◆ **Task instructions**: Every record that follows must be duplicated exactly, with images left out.
───── Data to process
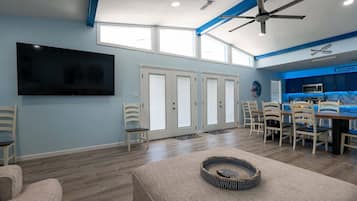 House, 5 Bedrooms | Interior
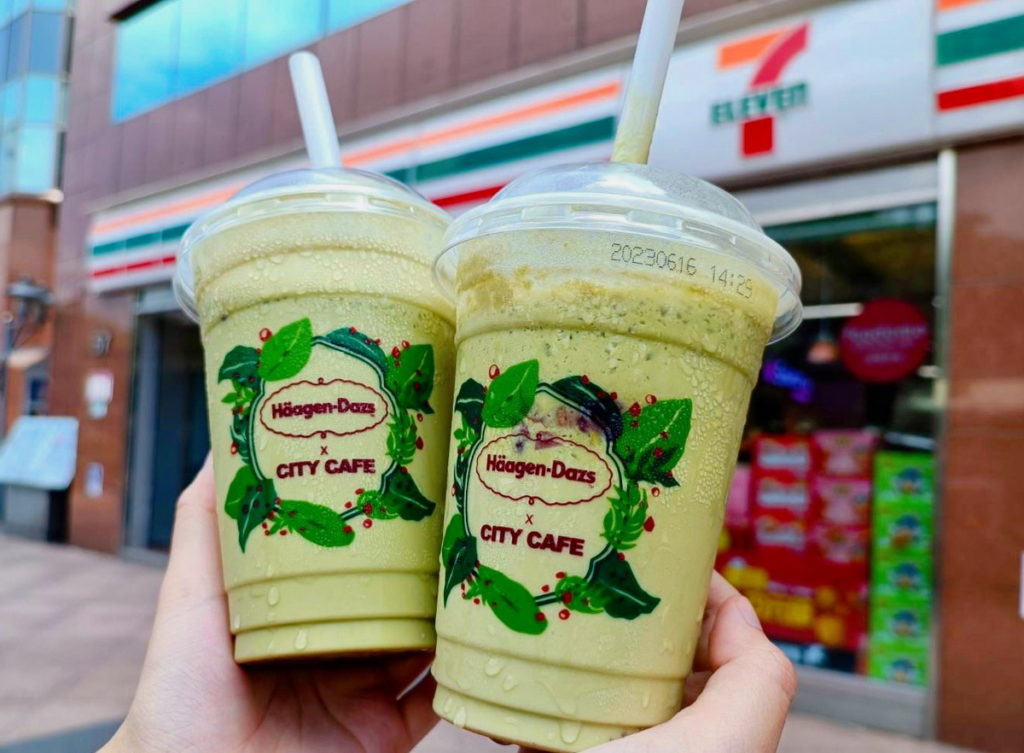 7-ELEVEN自有品牌CITY CAFE再度與Häagen-Dazs攜手合作，將人氣經典口味冰淇淋變成全球限定冰沙，去年首度登場，今年夏天再推出期間限定全新口味「抹茶紅豆拿鐵冰沙」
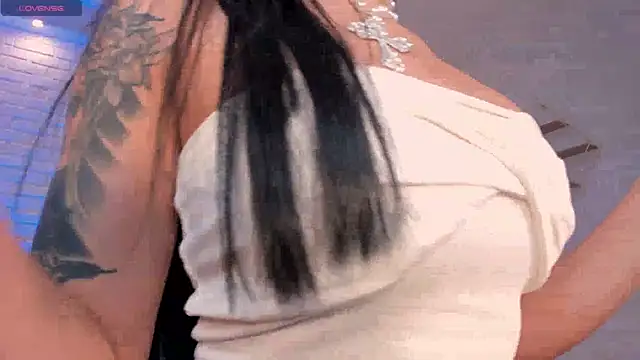 Snapshot of NickyLawson chatting on October 29, 2025, 4:26 am NickyLawson online show from October 29, 2025, 4:26 am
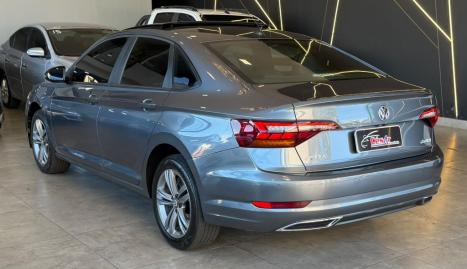 VOLKSWAGEN Jetta 1.4 4P 250 TSI R-LINE AUTOM�TICO, Foto 13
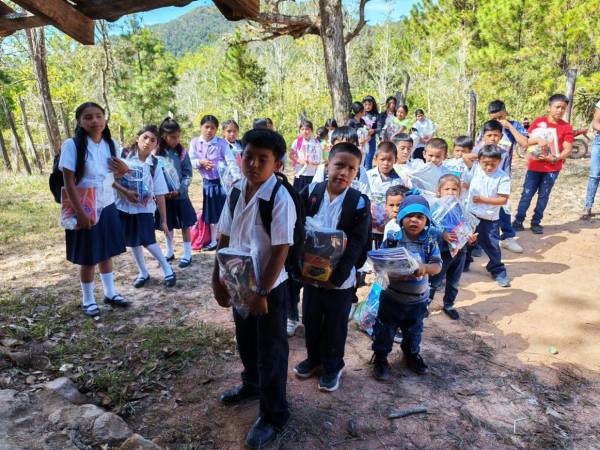 En medio de montañas y pinos, la escuela José Santos Guardiola recibió la visita de Maratón del Saber, que entregó cuadernos Quick a estudiantes de la comunidad La Chorrera.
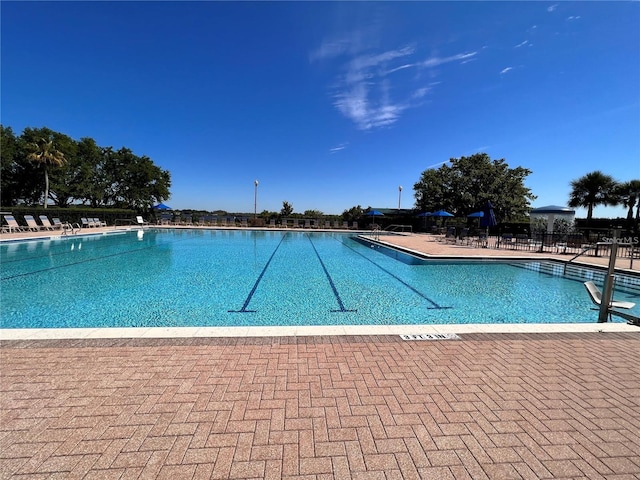14936 Masthead Landing Cir, Winter Garden, FL 34787 - community pool with a patio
──────────
◆ **Solution for this exercise**:
 House, 5 Bedrooms | Interior
 7-ELEVEN自有品牌CITY CAFE再度與Häagen-Dazs攜手合作，將人氣經典口味冰淇淋變成全球限定冰沙，去年首度登場，今年夏天再推出期間限定全新口味「抹茶紅豆拿鐵冰沙」
 Snapshot of NickyLawson chatting on October 29, 2025, 4:26 am NickyLawson online show from October 29, 2025, 4:26 am
 VOLKSWAGEN Jetta 1.4 4P 250 TSI R-LINE AUTOM�TICO, Foto 13
 En medio de montañas y pinos, la escuela José Santos Guardiola recibió la visita de Maratón del Saber, que entregó cuadernos Quick a estudiantes de la comunidad La Chorrera.
14936 Masthead Landing Cir, Winter Garden, FL 34787 - community pool with a patio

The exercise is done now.